Musical chairs bankrupts company

Australia | Sunday, December 5th, 2004

A marginal Grafton company was forced into bankruptcy after a staff member stole a colleague’s office chair, causing a chain reaction of chair reshuffling that saw productivity plummet to zero.

“I just wanted a comfortable and ergonomically sound workstation,” said Maurice Finkel, the shipping clerk blamed for the liquidation of RePong, a boutique refurbisher of ping-pong racquets.

RePong managing director Jasper Zipf said the company had just won a small contract from Table Tennis NSW (Northern Rivers Conference) to handle a full season of refits and this would have kept the company afloat.

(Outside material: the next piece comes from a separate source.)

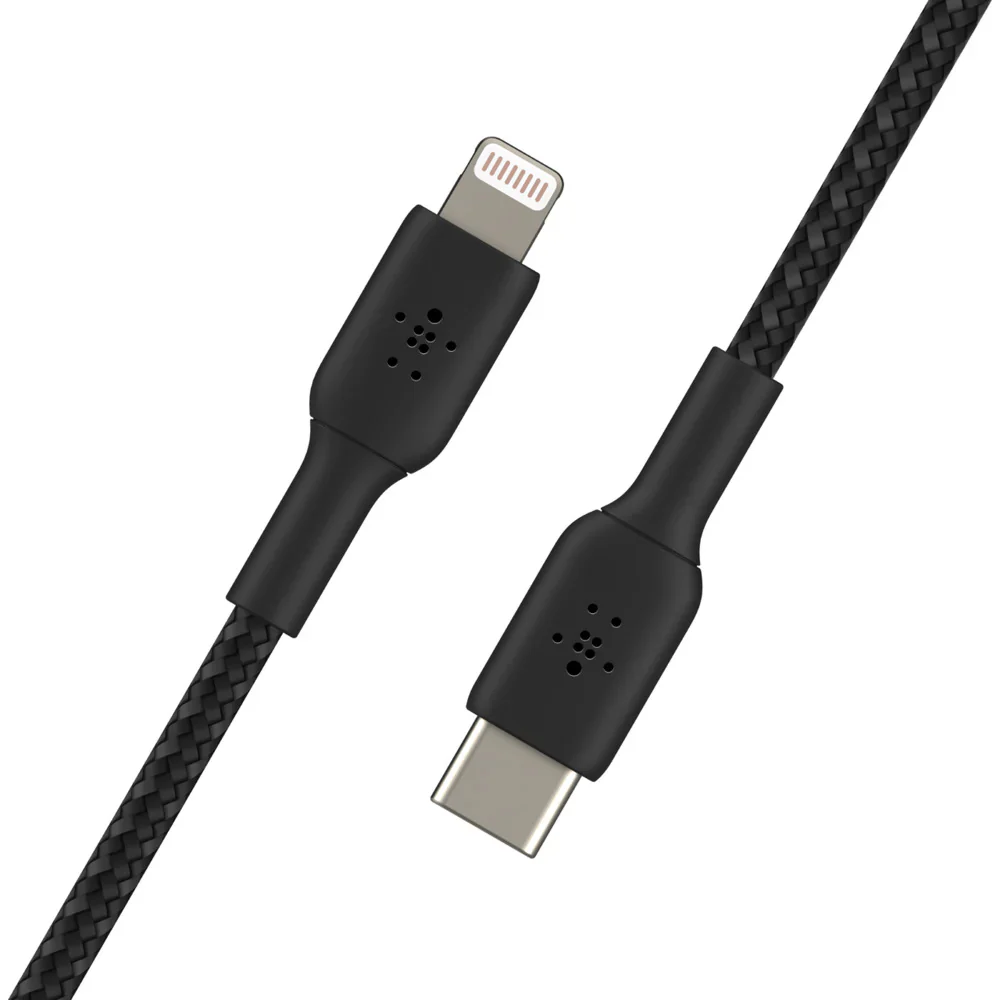 Cable USB-C  Belkin BoostCharge , USB-C to Lightning , 1m , Braided Black , CAA004BT1MBK - Image 3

“But this disruption knocked us for six. It’s a time-critical business and we have to get our shipments out and our bills paid promptly.

“When Cheryl came back to the office and found Maurice had taken her chair, she took Raylene’s because Raylene was at lunch and then Raylene came back from lunch and went to the billing department and took Peter’s.

“Pretty soon this had spread throughout all departments of the business until it reached my office and a whole day’s production was down the creek.

“You’ve seen how quick these ping-pong people react at the table. They are lightning fast and that is reflected in their purchasing decisions. When we weren’t able to deliver on time they wiped us.”

Mr Zipf denied staff accusations that the company could have avoided the disaster by strategically re-investing profits in better office furniture, even some reasonable secondhand stuff.

“We acknowledge that the gas lift was stuffed on most of the chairs and the upholstery was the vinyl stuff that sticks to the backs of your legs when you’re hot and sweaty,” he said.

“And we are short one chair, which is why you had this chain reaction. In the end I ended up with no bloody chair and no bloody company.”

But staff members’ unwillingness to wait until the company could afford a new chair had bitten them in the bum, he said.

“Now they’ve got no jobs and I’ve got the arse out of my pants.”

He said even if the company could rebuild it could face problems recruiting skilled staff as current workers left the industry. “It’s tricky work gluing that green rubbery matting to the face of the racquet without getting your fingers stuck, and using just enough glue but not too much so it doesn’t squeeze out the sides everywhere. I’m buggered if I know how they manage it,” he said.